Birçok insan depresyona yalnızca kişinin başından geçen olumsuz olayların yol açtığını düşünür. Meğer depresyon tek bir nedene bağlı değildir. Yaşanan olaylar, kişilik yapısı, bunlara eşlik eden yahut bazen de depresyona girmeyi kolaylaştıran beyindeki kimyasal değişiklikler bugün için depresyonun nedenleri ortasındaki ana noktaları oluşturur. His ve fikirlerle ilgili olan organımız beyindeki kimyasal dengesizlikler, problem verici olaylar, alkol, çeşitli ilaçlar üzere durumlarla -genetik faktörlerin de tesiri ile- depresyon tetiklenebilir. Cinsiyet, aile hikayesi, gerilimli hayat olayları, hayal kırıklıkları, aile fonksiyon bozuklukları,yetersiz anne-baba bakımı, erken olumsuz yaşantılar, bağımlı ve obsesif özellikler üzere kişilik özellikleri, inançlı olmayan bağlanma tarzı, kronik psikiyatrik ve bedensel hastalıklar, toplumsal dayanak azlığı, fizikî ve ruhsal manada tükenme, yalnızlık, çocuk doğumu, yaşın ilerlemesi üzere çeşitli risk etmenleri major depresyon öncülüdürler ve hastalığın sonucunu etkilerler.

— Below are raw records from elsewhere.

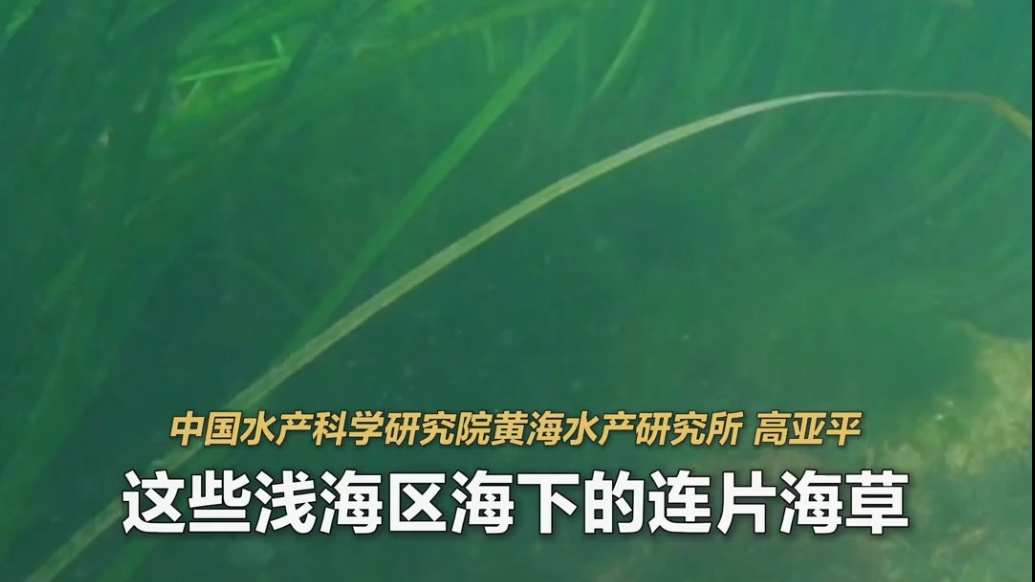 建设美丽海湾，海草也在“贡献着自己的力量”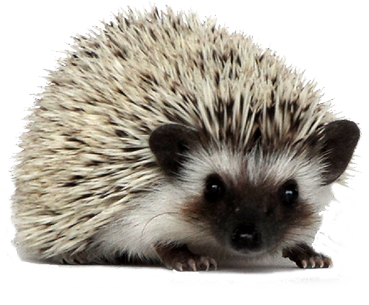 Image result for hedgehog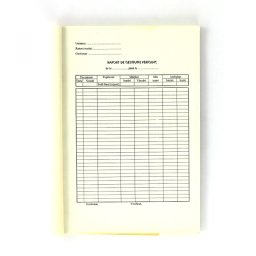 Raport gestiune periodic, format A4, orientare portret, 100 file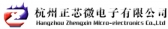 正芯微电子 CHIPTRUE LOGO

Bütün bu tetikleyiciklerin ortak özelliği şahısta bir kayıp duygusu yatratmalarıdır. Bazen olumlu üzere görünen bir ömür olayı bile bu kayıp hissini tetikleyebilir. Örneğin çocuk doğuran bir bayan çabucak gerisinden depresyona girebilir. Aslında olumlu üzere görünen bu olayın arkasında tıpkı vakitte mevcut hayatın kaybı ve yeni bir hayatın, sorumluluğun başlangıcı kelam mevzusudur.

Depresyon Tedavisi Nasıl Olur?

Major depresyonun müddeti değişmekle birlikte tedavi edilmeyen bir depresif periyodun 6 ay yahut daha uzun süreceği kabul edilmektedir. Günümüzde depresyon tedavisinde kullanılan prosedürler depresyonda rol alan etkenlerle paraleldir. Biyolojik değişikiklere yönelik olarak ilaç tedavileri ve elektrokonvulsif tedavi kullanılmaktadır. İlaç tedavileri ortasında başta antidepresan ilaçlar kullanılmakla birlikte ek olarak anksiyolitik, antipsikotik ve duygudurum düzenleyici ilaçlar kullanılmaktadır. Bunların yanında psikoterapi yöntemlerininin de ilaç tedavisine ek kullanıldığı vakit tedavi muvaffakiyetinin arttığı saptanmıştır. Bilişsel davranışçı terapi, kişilerarası bağlantılar terapisi ve şema terapinin bu mevzuda faal psikoterapi formülleri olduğunu söyleyebiliriz.